Hacker News new | ask | show | jobs
by res0nat0r 1820 days ago
From the faq:

> GitHub Copilot is a code synthesizer, not a search engine: the vast majority of the code that it suggests is uniquely generated and has never been seen before. We found that about 0.1% of the time, the suggestion may contain some snippets that are verbatim from the training set.

I'm guessing this covers it. I'm not sure if someone posting their code online, but explicitly saying you're not allowed to look at it, getting ingested into this system with billions of other inputs could somehow make you liable in court for some kind of infringement.

3 comments

That doesn't cover it, since that is a technical answer for a non-technical question. The same questions remain.
that doesn't include patent violations nor license violations or compatibility between licenses. Which would be the most numerous and non-trivial cases.
How is it possible to determine if you've violated a random patent from somewhere on the internet via a small snippet of customized auto-generated code?

Does everyone in this thread contact their lawyers after cutting and pasting a mergesort example from Stackoverflow that they've modified to fit their needs? Seems folks are reaching a bit.
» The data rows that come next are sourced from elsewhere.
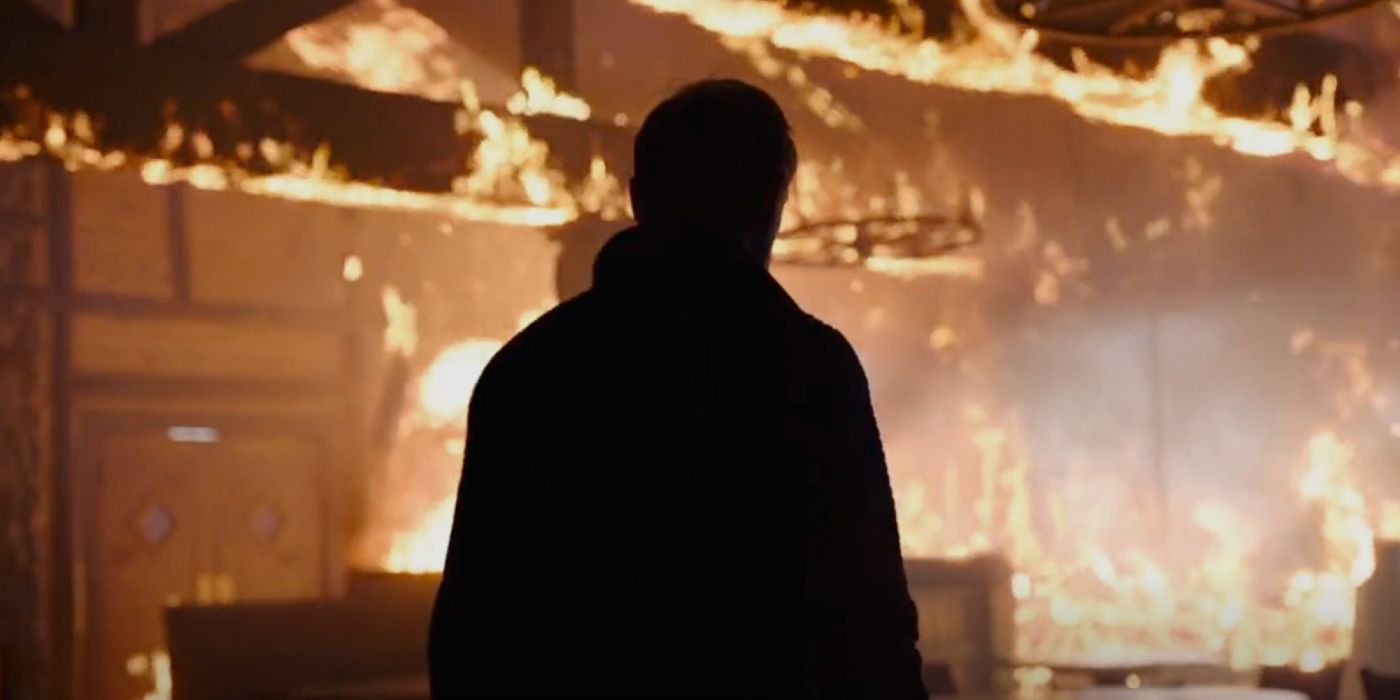 David standing amid the flames of the burning Todd's Steakhouse in Last of Us episode 8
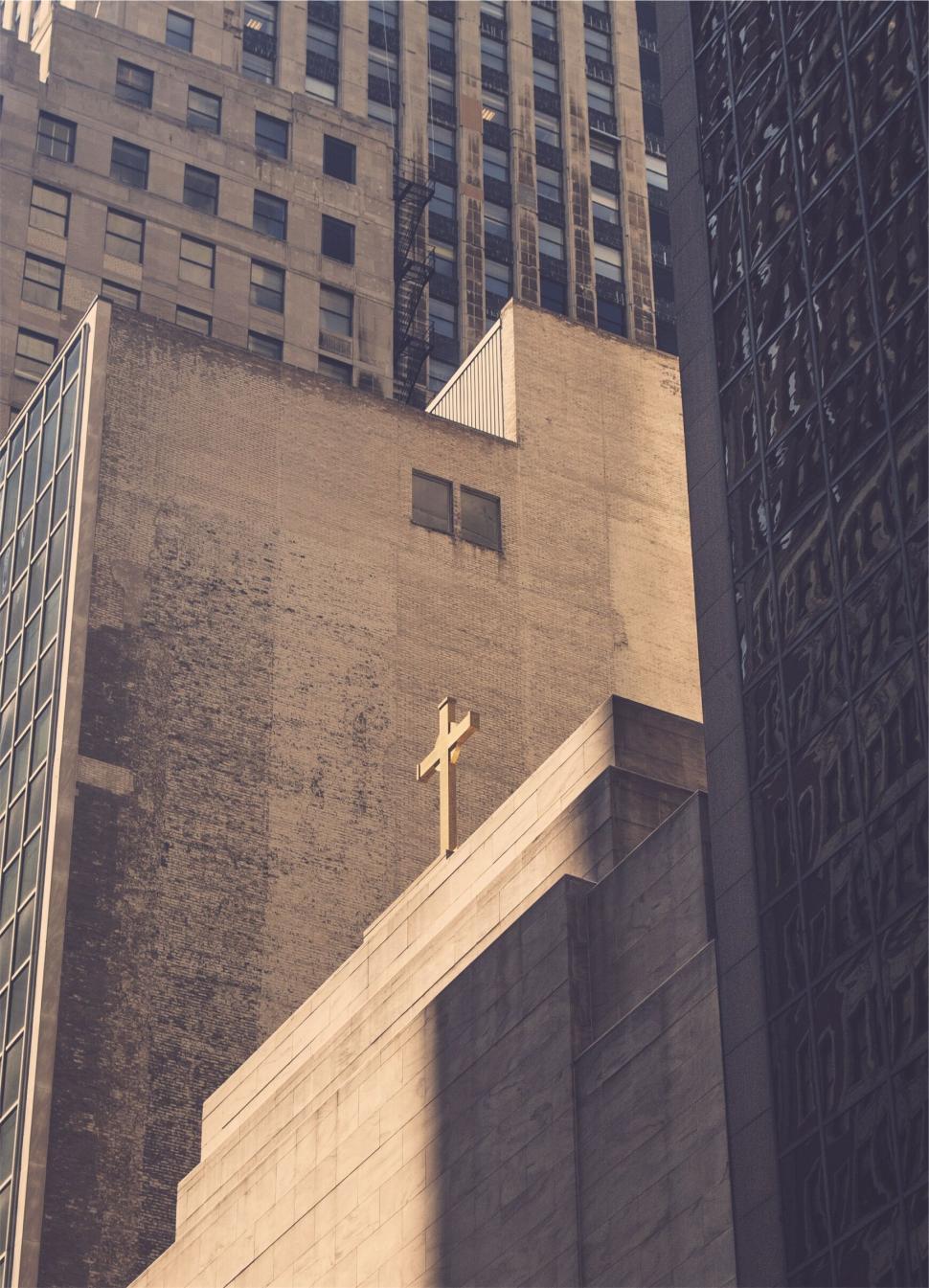 Free Image of Urban skyline with a church cross on a building, warm light. 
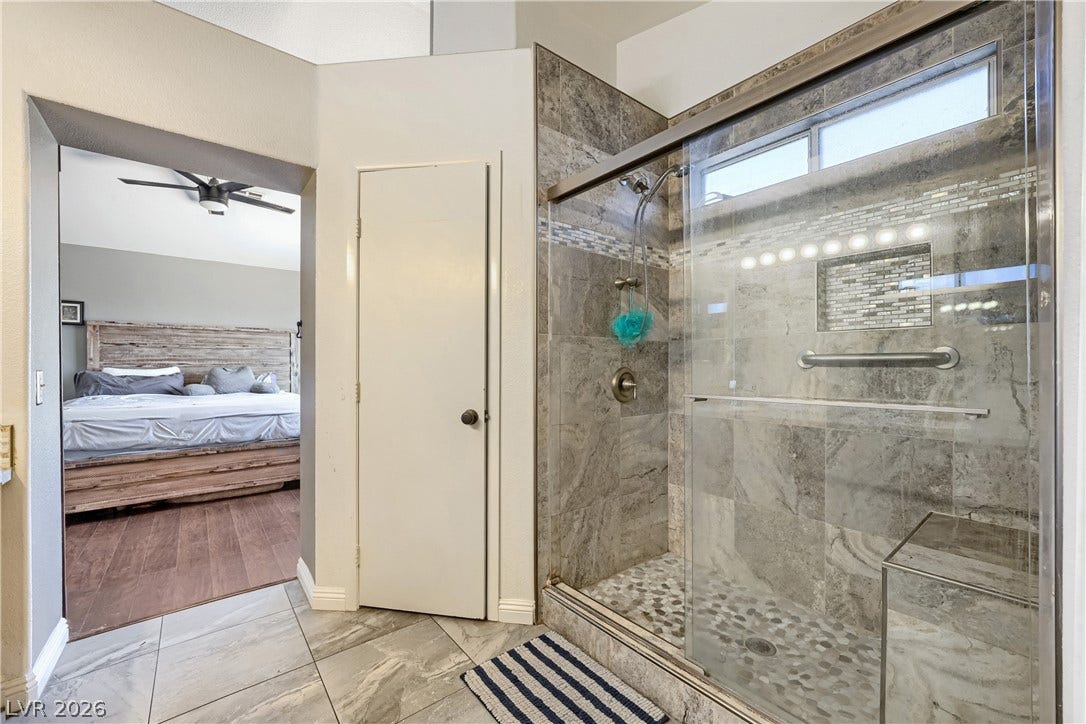 3536 Golden Pedal Street, Las Vegas, NV 89129 A tiled walk-in shower highlights this bathroom, which connects directly to the adjoining bedroom.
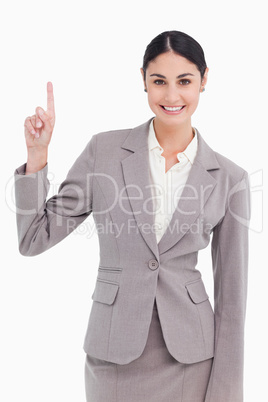Smiling young businesswoman pointing up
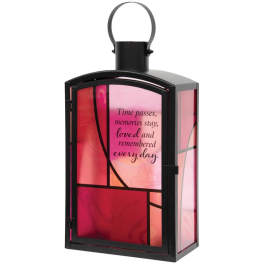 Black lantern with pink glass panels and a memorial quote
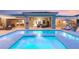 Inviting backyard pool and spa with elegant stone surround, lounge chairs, and covered patio with outdoor seating at 21 Grand Masters Dr, Las Vegas, NV 89141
For that very reason, many companies have policies that forbid copying code from online (especially from StackOverflow).
That mitigates copyright concerns, but patent infringement can occur even if the idea was independently rediscovered.
I was answering a specific question, "How is it possible to determine if you've violated a random patent from somewhere on the internet via a small snippet of customized auto-generated code?" The answer is that many companies have forbidden that specific action in order to remove the risk from that action.

You are expanding the discussion, which is great, but that doesn't apply in answer to that specific question.

There are answers in response to your question, however. For example, many companies use software for scanning and composition analysis that determines the provenance and licensing requirements of software. Then, remediation steps are taken.

Not sure what you're getting at. Are you suggesting that independent discovery is a defense against patents? Or are you clear that it isn't a defense, but just arguing that something from the internet is more likely to be patented than something independently invented in-house? Maybe that's true, but it doesn't really answer the question of

> How is it possible to determine if you've violated a random patent from somewhere on the internet via a small snippet of customized auto-generated code?

The only real answer is a patent search.

I think a patent violation with CoPilot is exactly the same scenario as if you violated a patent yourself without knowing it.
Sounds like using CodePilot can introduct GPLd code into your project and make your project bound by GPL as a result...

0.1% is a lot when you use 100 suggestions a day.